Lee Iacocca, the executive who engineered Chrysler’s comeback

Lee Iacocca, the auto executive and master pitchman who put the Mustang in Ford’s lineup in the 1960s and became a corporate folk hero when he resurrected Chrysler 20 years later, has died in Bel Air, California. He was 94.

By :  migrator
Update: 2019-07-03 18:43 GMT
Lee Iacocca

Two former Chrysler executives who worked with him, Bud Liebler, the company’s former spokesman, and Bob Lutz, formerly its head of product development, said they were told of the death Tuesday by a close associate of Iacocca’s family.


In his 32-year career at Ford and then Chrysler, Iacocca helped launch some of Detroit’s best-selling and most significant vehicles, including the minivan, the Chrysler K-cars and the Mustang. He also spoke out against what he considered unfair trade practices by Japanese automakers.

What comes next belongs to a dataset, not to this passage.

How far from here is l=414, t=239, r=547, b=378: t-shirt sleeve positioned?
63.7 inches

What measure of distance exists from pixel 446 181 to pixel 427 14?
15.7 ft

The son of Italian immigrants, Iacocca reached a level of celebrity matched by few auto moguls. During the peak of his popularity in the ‘80s, he was famous for his TV ads and catchy tagline: “If you can find a better car, buy it!” He wrote two best-selling books and was courted as a presidential candidate. But he will be best remembered as the blunt-talking, cigar-chomping Chrysler chief who helped engineer a great corporate turnaround.


Liebler, who worked for Iacocca for a decade, said Iacocca had a larger-than-life presence that commanded attention. “He sucked the air out of the room whenever he walked into it,” Liebler said. “He always had something to say. He was a leader.” In recent years Iacocca was battling Parkinson’s Disease, but Liebler was not sure what caused his death.

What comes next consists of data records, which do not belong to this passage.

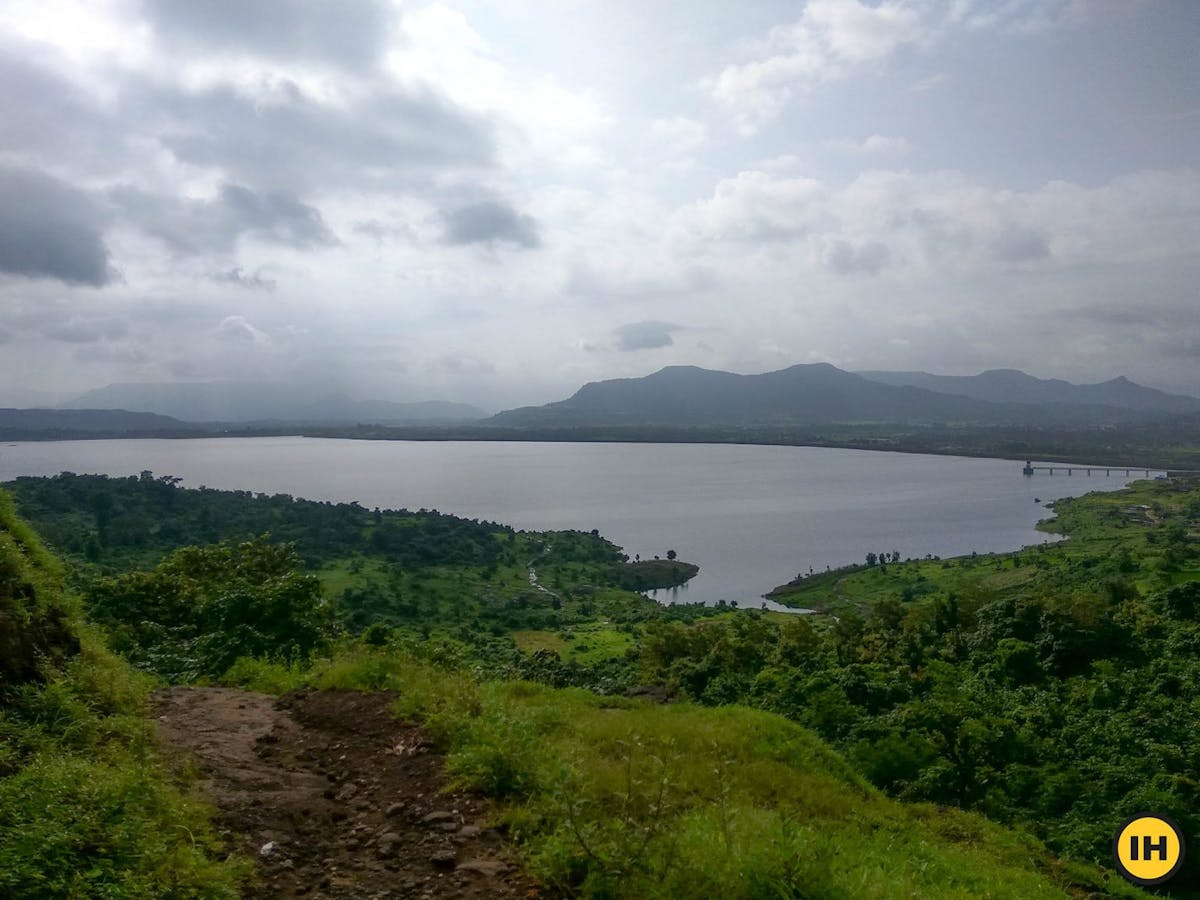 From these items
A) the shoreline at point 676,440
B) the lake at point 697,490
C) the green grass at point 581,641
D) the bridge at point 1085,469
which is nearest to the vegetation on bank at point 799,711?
the green grass at point 581,641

He remembers that Iacocca could condemn employees if they did something he didn’t like, but a few minutes later it would be like nothing had happened. “He used to beat me up, sometimes in public,” Liebler remembered. When people asked how he could put up with that, Liebler would answer: “He’ll get over it.” In 1979, Chrysler was floundering in $5 billion of debt. It had a bloated manufacturing system that was turning out gas-guzzlers that the public didn’t want.

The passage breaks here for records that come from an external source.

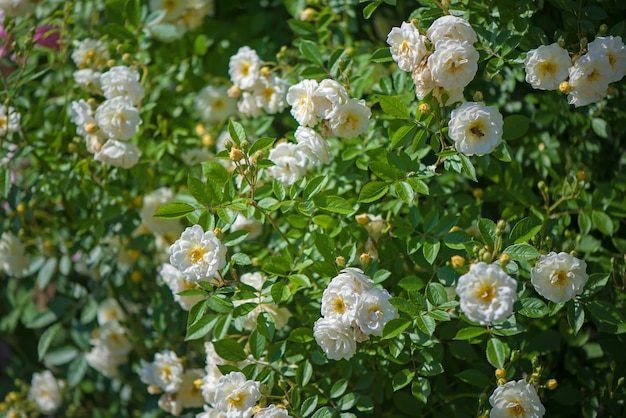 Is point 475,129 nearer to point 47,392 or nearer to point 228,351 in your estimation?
point 228,351

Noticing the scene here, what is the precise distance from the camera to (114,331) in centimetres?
196

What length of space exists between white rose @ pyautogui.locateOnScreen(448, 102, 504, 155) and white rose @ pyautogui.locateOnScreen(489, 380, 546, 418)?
1.40 ft

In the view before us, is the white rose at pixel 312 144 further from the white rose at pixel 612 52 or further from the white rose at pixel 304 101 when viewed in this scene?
the white rose at pixel 612 52

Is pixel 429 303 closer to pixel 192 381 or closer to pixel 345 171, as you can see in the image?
pixel 345 171

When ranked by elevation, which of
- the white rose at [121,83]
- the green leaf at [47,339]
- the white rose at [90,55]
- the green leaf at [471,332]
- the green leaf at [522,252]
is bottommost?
the green leaf at [47,339]

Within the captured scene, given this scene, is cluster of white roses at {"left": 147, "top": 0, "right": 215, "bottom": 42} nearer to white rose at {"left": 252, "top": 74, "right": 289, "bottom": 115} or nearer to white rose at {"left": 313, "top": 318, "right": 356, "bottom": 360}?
white rose at {"left": 252, "top": 74, "right": 289, "bottom": 115}

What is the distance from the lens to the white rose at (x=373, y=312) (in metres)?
1.22

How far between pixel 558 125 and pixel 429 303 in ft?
2.13

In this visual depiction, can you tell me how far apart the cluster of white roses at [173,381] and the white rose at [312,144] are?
2.12 ft

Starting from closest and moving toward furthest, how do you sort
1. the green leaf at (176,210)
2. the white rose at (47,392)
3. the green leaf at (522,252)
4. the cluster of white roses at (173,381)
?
the green leaf at (522,252)
the green leaf at (176,210)
the cluster of white roses at (173,381)
the white rose at (47,392)

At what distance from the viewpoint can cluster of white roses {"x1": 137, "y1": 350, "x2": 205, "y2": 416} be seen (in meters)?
1.67

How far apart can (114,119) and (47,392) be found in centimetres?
99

When banks turned him down, Iacocca and the United Auto Workers union helped persuade the government to approve $1.5 bn in loan guarantees that kept the No. 3 domestic automaker afloat.


Liebler said Iacocca is the last of an era of brash, charismatic executives who could produce results. “Lee made money. He went to Washington and made all these crazy promises, then he delivered on them,” Liebler said.


Iacocca was also active in later years in raising money to fight diabetes. His first wife, Mary, died of complications of the disease in 1983 after 27 years of marriage. The couple had two daughters, Kathryn and Lia.


Iacocca remarried twice, but both marriages ended in divorce.